Having cohesive front and back office billing functions improves revenue because it creates time efficiencies, aids communication, and allows for appropriate oversight of coding and other billing processes. The sample revenue cycle management worklow below shows the many interrelated steps in the payment process.

 

Use of Technology

Medical providers have long embraced technology as integral to good clinical outcomes, but may not realize its vast potential for a practice’s financial performance. If you consider the workflow on the previous page, health information technology like a practice management system or an electronic medical record, can be used in the following areas to optimize a practice’s revenue cycle:

Front office

  • Automated patient reminders reduce no-shows and help provider productivity.
  • Insurance eligibility verified electronically can minimize billing delays and denials.
  • Credit card processing of co-pays, deductibles or co-insurance payments at the time of the office visit increases the probability that you’ll collect more of a patient’s self-pay balance.

Patient visit

  • An EMR can document the details of a patient encounter, and capture other relevant documentation that a biller would require to ensure reimbursement.
  • Charge capture functionality can make sure providers input the appropriate diagnosis and procedure codes at the time of visit to send to the biller, who can then easily review the clinical notes to be sure that all codes are accurate.

Billing functions

  • Electronic claims can be submitted in real time directly to a clearinghouse.
  • Claim status can be tracked, and claims can be scrubbed before they are submitted to payers to check that they meet national and local requirements for medical necessity and comply with commercial claims stipulations.
  • Payments can be posted automatically to expedite the billing cycle.
  • Key reports can give important insights on both a macro level (e.g. the profitability of your business), and a micro level (e.g. the profitability of a particular procedure), and help practices stay apprised of key RCM indicators.

 

A Qualified Team

Having a well-trained and experienced billing team is perhaps the most important indirect driver of revenue at your practice. Billers and coders who are credentialed and certified from reputable professional associations like the Healthcare Billing Management Association, American Health Information Management Association, or the American Academy of Professional Coders, not only know how to code for the highest revenue and understand best practices about billing that can help you avoid an audit, but also are better informed about important industry changes (e.g. – HIPAA updates, changes from the ICD-9 to ICD-10 disease classification series, etc.) that can impact your revenue and operations. Moreover, credentialed professionals can apply advanced principles that are likely to make a true difference in your cash flow, including benchmarking practices, analyzing remittance data to find variances from your payer contracts, and proactively uncovering or reverse-engineering payer rules.

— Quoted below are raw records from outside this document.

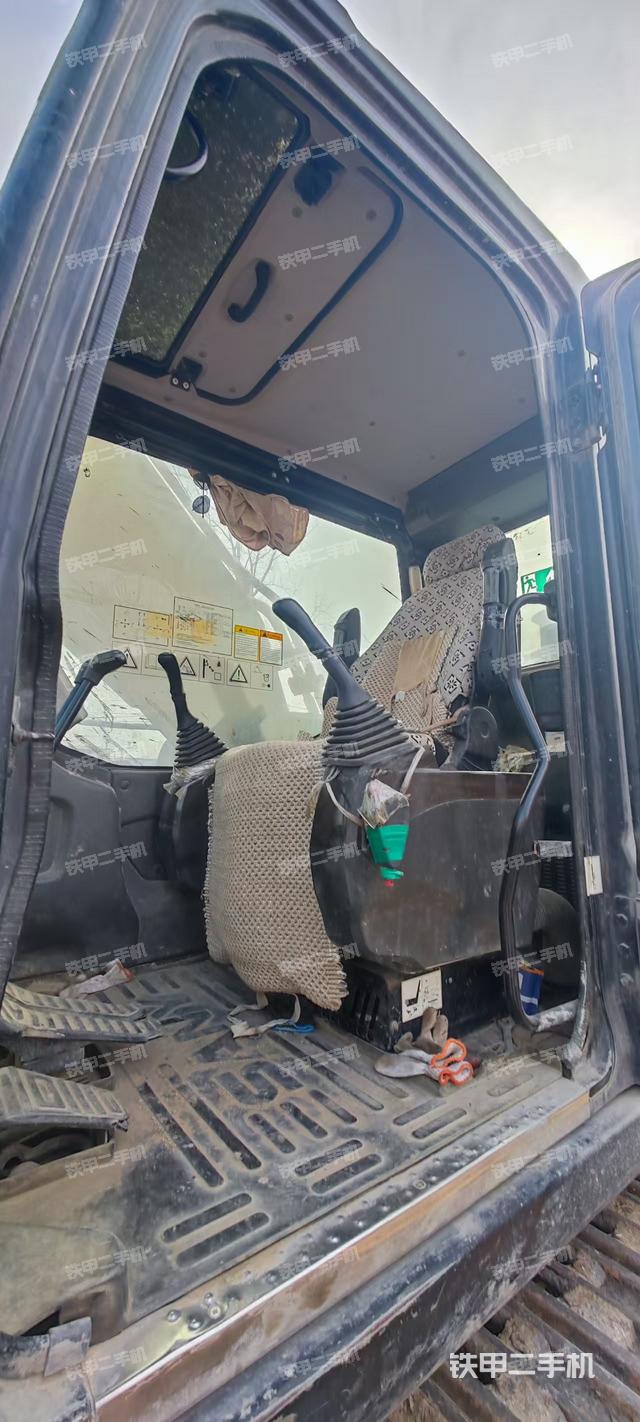 驾驶室整体（整机外观）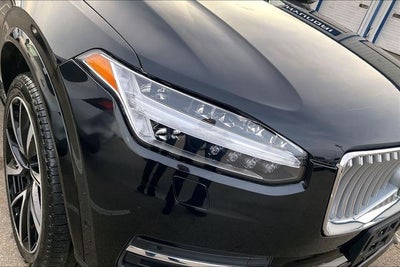 2024 Volvo XC90 B6 Plus Bright Theme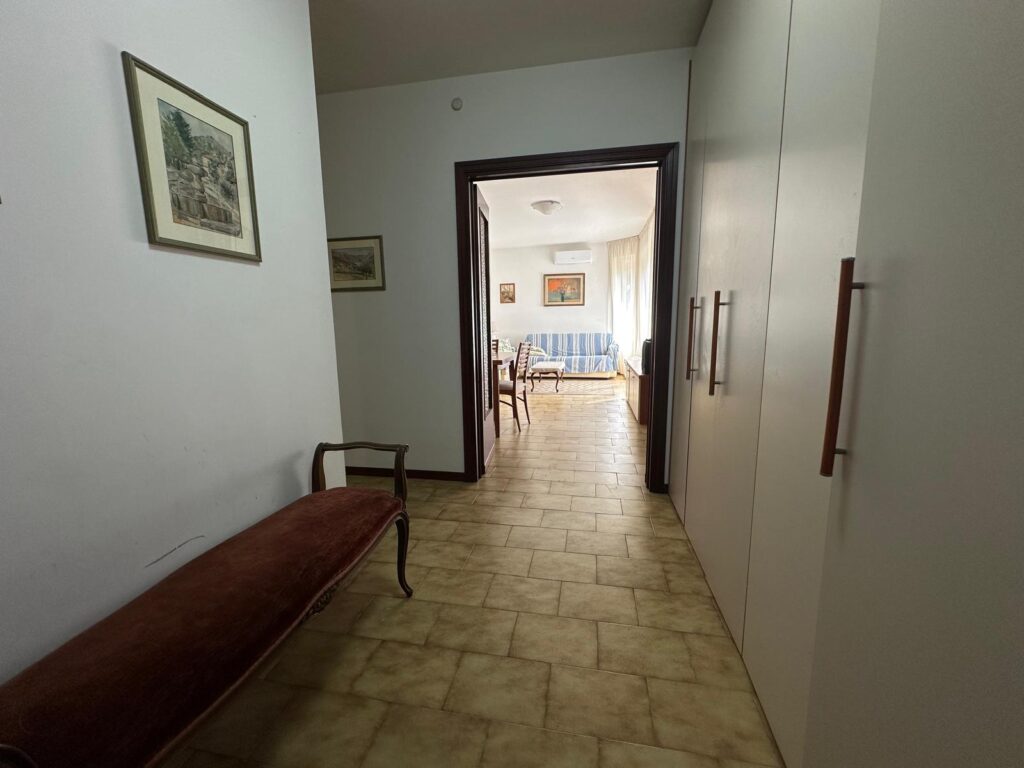 Gaeta Serapo – Appartamento a due passi dal mare con ampio giardino privato image 2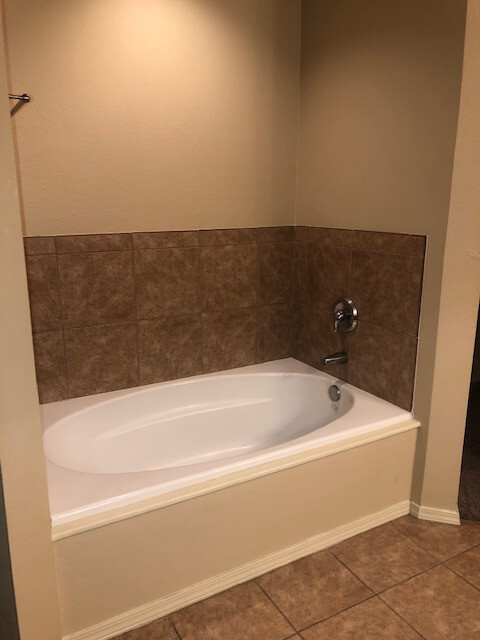 Building Photo - 4 bedroom in Tradewinds
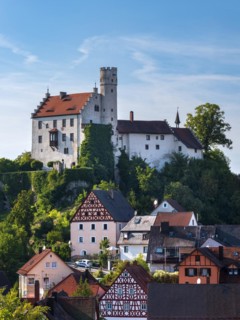 Goessweinstein with castle and half-timbered houses, Franconian Switzerland, Upper Franconia,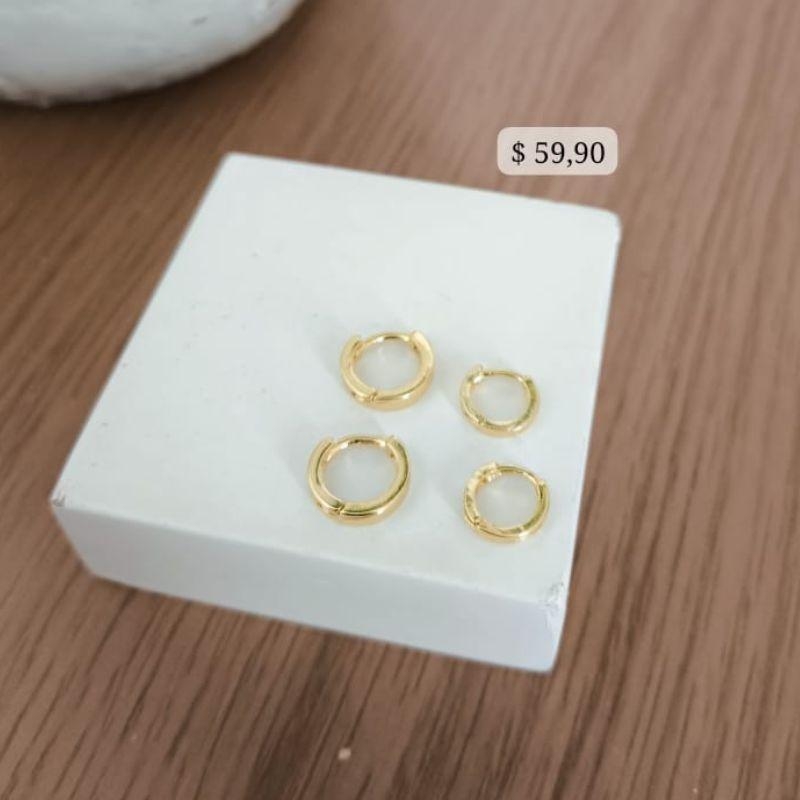 BRINCO DUPLO DE ARGOLAS QUADRICULADA LISAS P,M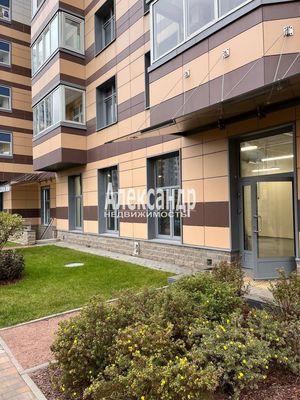 Сдам торговое помещение 146,5 м2, Ипподромный пер, 1к3, Санкт-Петербург г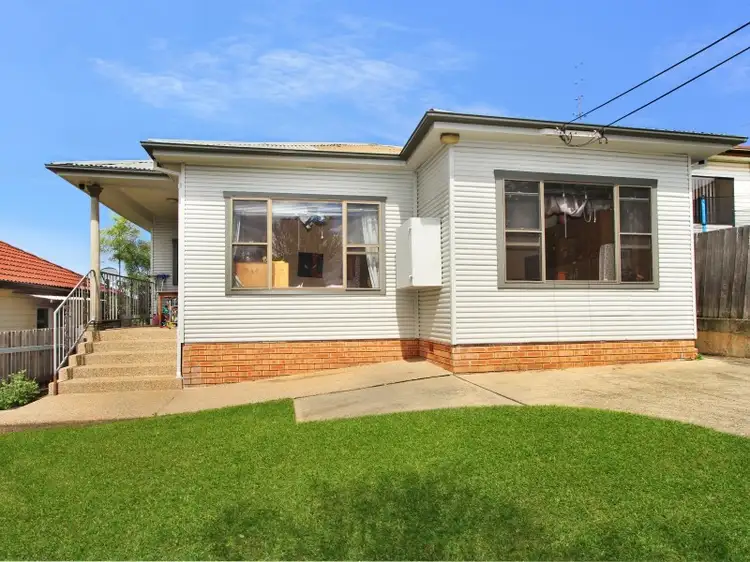 37 Lackawanna Street, Cringila NSW 2502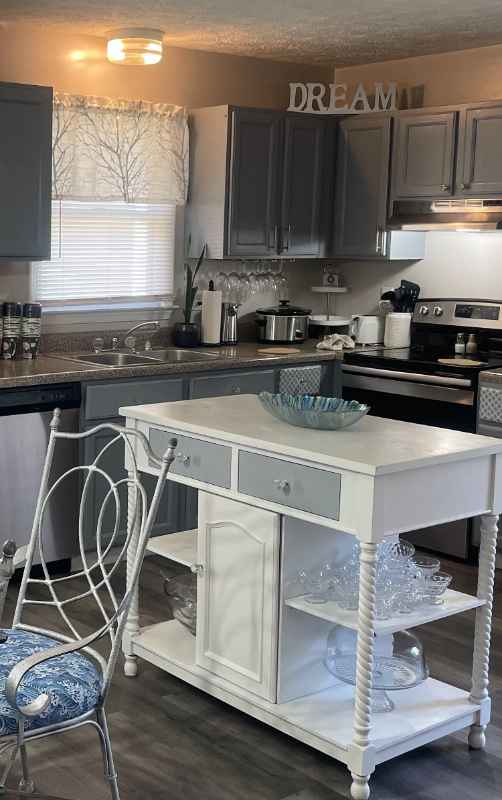 18610 Three Notch Rd - Photo 3 of 8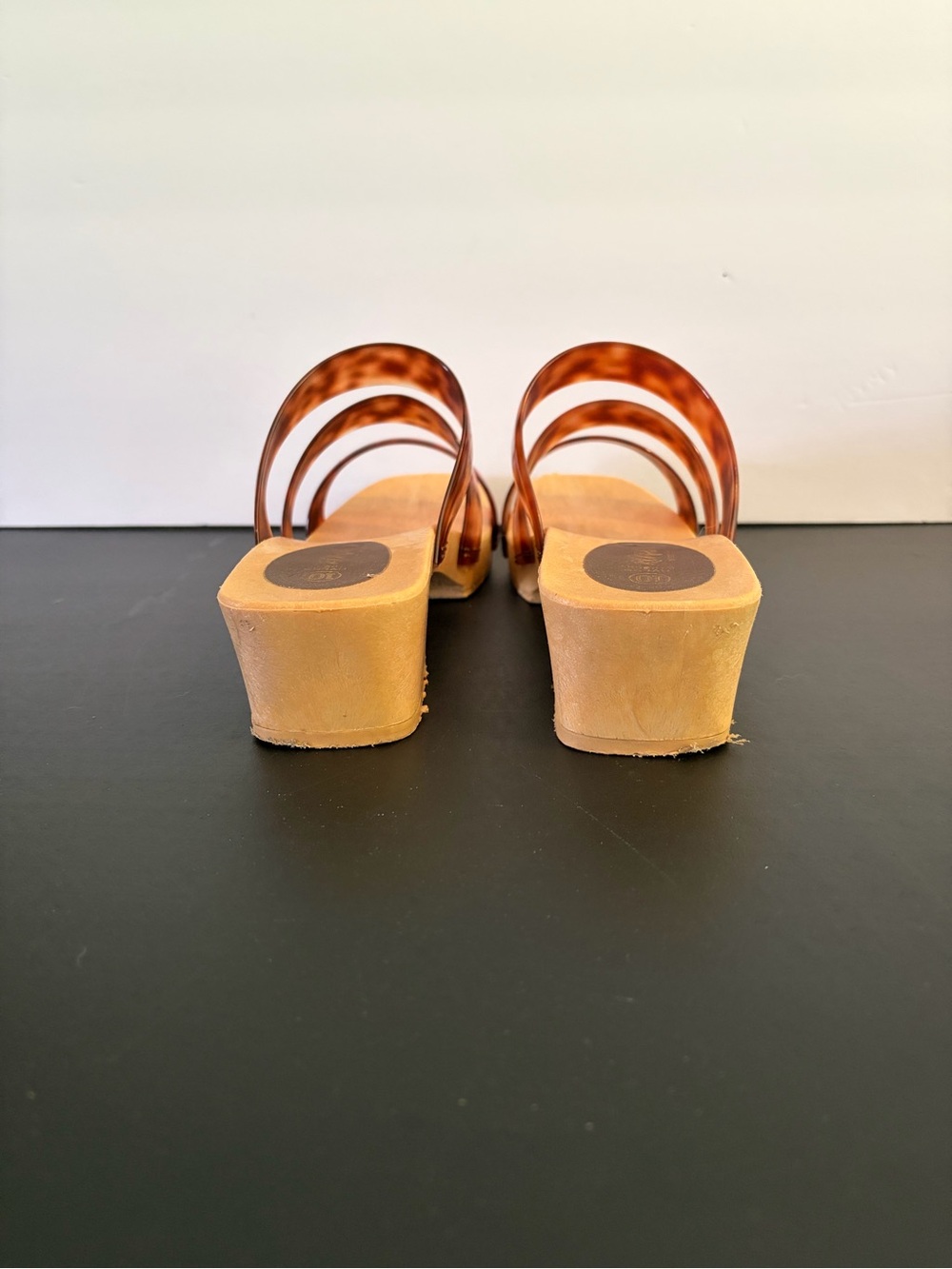 Vintage Italian made wooden slides with triple tortoiseshell Vinyl/Lucite Straps - Picture 3 of 6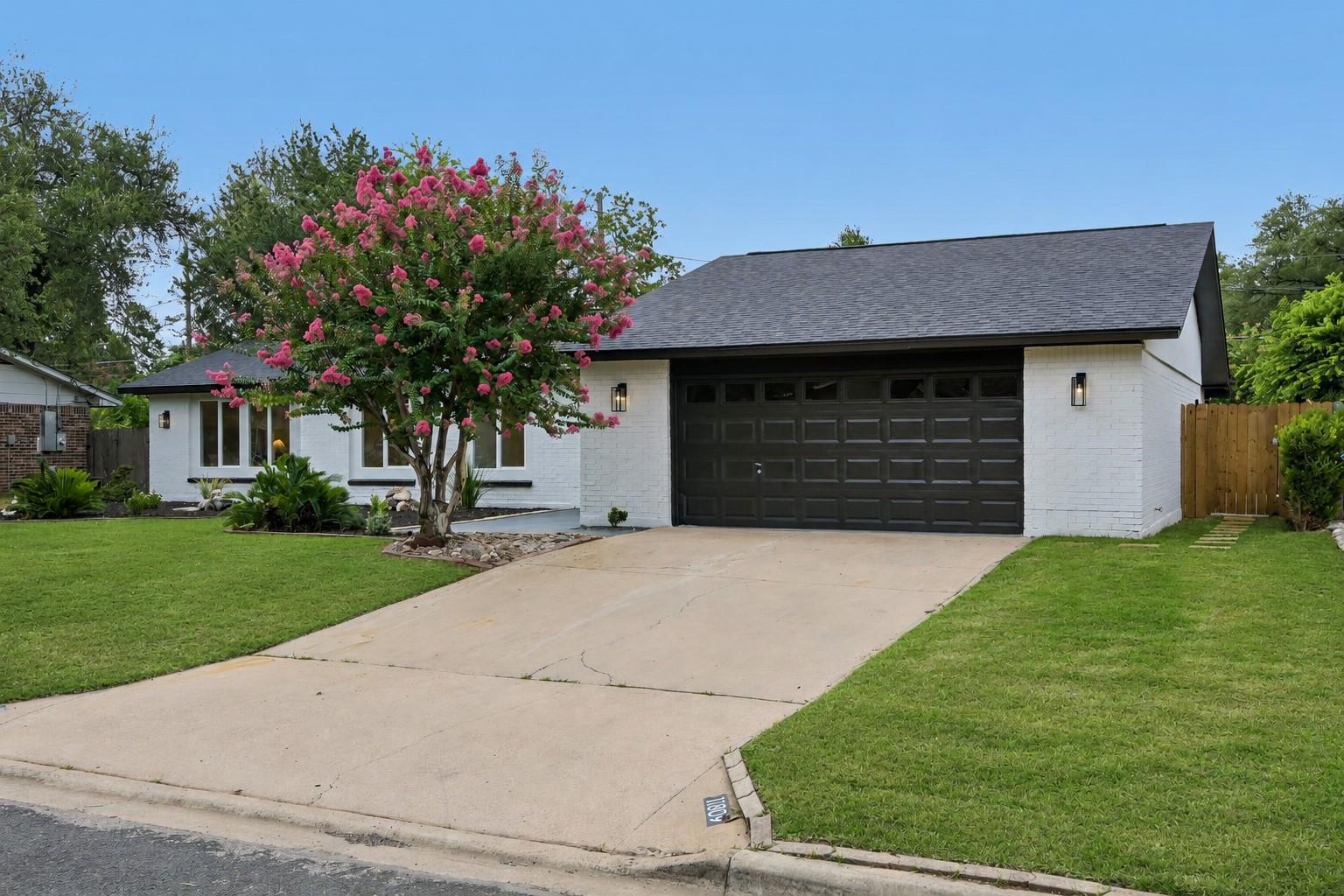 11809 Charing Cross Rd Property Photo 32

Your reimbursements on claims filed and the money paid out of pocket by patients are the basis of your revenue cycle. The extent to which you effectively manage your payment processes and have a handle on collecting payments that are past due is an indicator of your practice’s financial health. While this makes sense intuitively, actual execution of effective revenue cycle management is a challenge to the average practice owner. Not only is the U.S. health care payment system designed to work against you, but you may otherwise lack the time, expertise or internal systems to ensure that you get paid the maximum you are owed as quickly as possible. Having appropriate technology, adequate workflow and experienced billing personnel are important steps on the path toward a prosperous and efficient practice. The more that you can integrate these assets into your billing function, the stronger influence you can have over financial outcomes. Practices that lack in these key areas may need to evaluate if they are candidates for outsourcing.